— Exercise brief —
Reproduce all the records word for word. Omit images.

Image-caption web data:
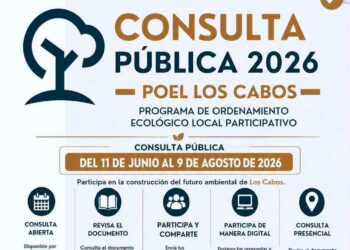 Invitan a participar en Consulta Pública del POEL Los Cabos 2026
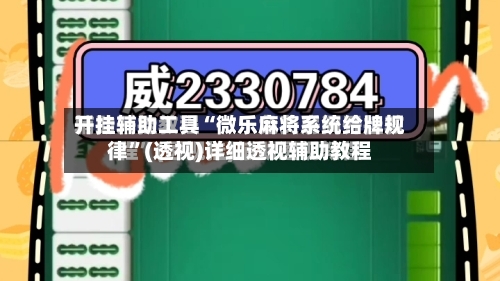 开挂辅助工具“微乐麻将系统给牌规律”(透视)详细透视辅助教程-第3张图片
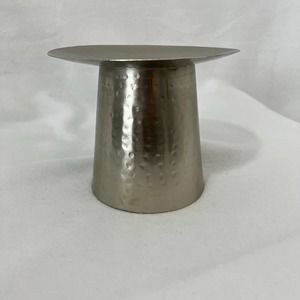 HAMMERED METAL CANDLE HOLDER/RAISER/CAKE PEDESTAL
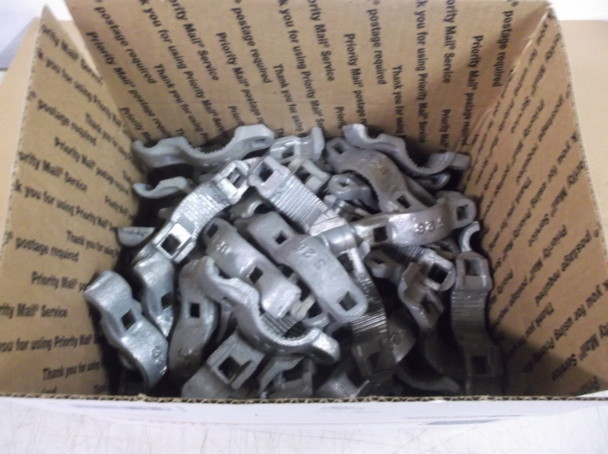 Approximately 40 Pairs of Galvanized #S26 Gate Post Clamps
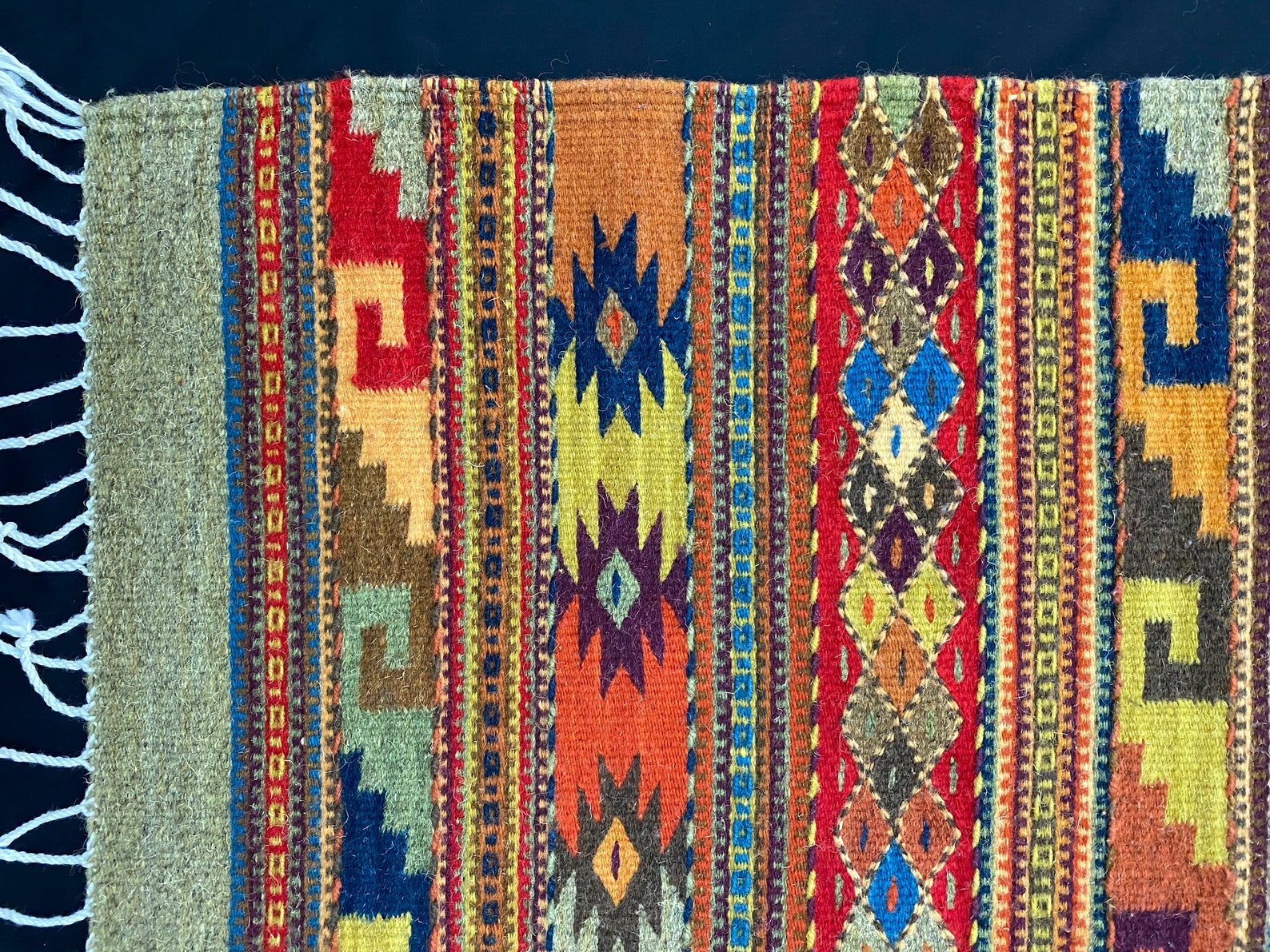 Zapotec Rug, Traditional Zapotec Design Etsy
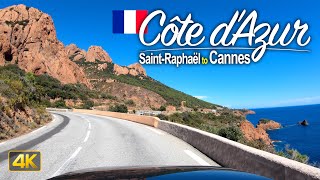 Driving the Côte dAzur in France 🇫🇷 from SaintRaphaël to Cannes [upl. by Loris]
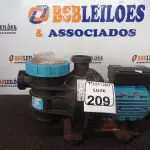 LOTE 209 - 01 MOTOBOMBA CENTRIFUGA MARCA SODRAMAR. (NO ESTADO) ATENÇÃO! FAZER A VISITAÇÃO ANTES DE ARREMATAR, NÃO SABEMOS SE FUNCIONA. LEILÃO NÃO TEM GARANTIA E NEM DEVOLUÇÃO, SUJEITO A POSSÍVEIS AVARIAS VISÍVEIS/OCULTAS E/OU AUSÊNCIA DE COMPONENTES.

— Result —
 Invitan a participar en Consulta Pública del POEL Los Cabos 2026
 开挂辅助工具“微乐麻将系统给牌规律”(透视)详细透视辅助教程-第3张图片
 HAMMERED METAL CANDLE HOLDER/RAISER/CAKE PEDESTAL
 Approximately 40 Pairs of Galvanized #S26 Gate Post Clamps
 Zapotec Rug, Traditional Zapotec Design Etsy
 Driving the Côte dAzur in France 🇫🇷 from SaintRaphaël to Cannes [upl. by Loris]
 LOTE 209 - 01 MOTOBOMBA CENTRIFUGA MARCA SODRAMAR. (NO ESTADO) ATENÇÃO! FAZER A VISITAÇÃO ANTES DE ARREMATAR, NÃO SABEMOS SE FUNCIONA. LEILÃO NÃO TEM GARANTIA E NEM DEVOLUÇÃO, SUJEITO A POSSÍVEIS AVARIAS VISÍVEIS/OCULTAS E/OU AUSÊNCIA DE COMPONENTES.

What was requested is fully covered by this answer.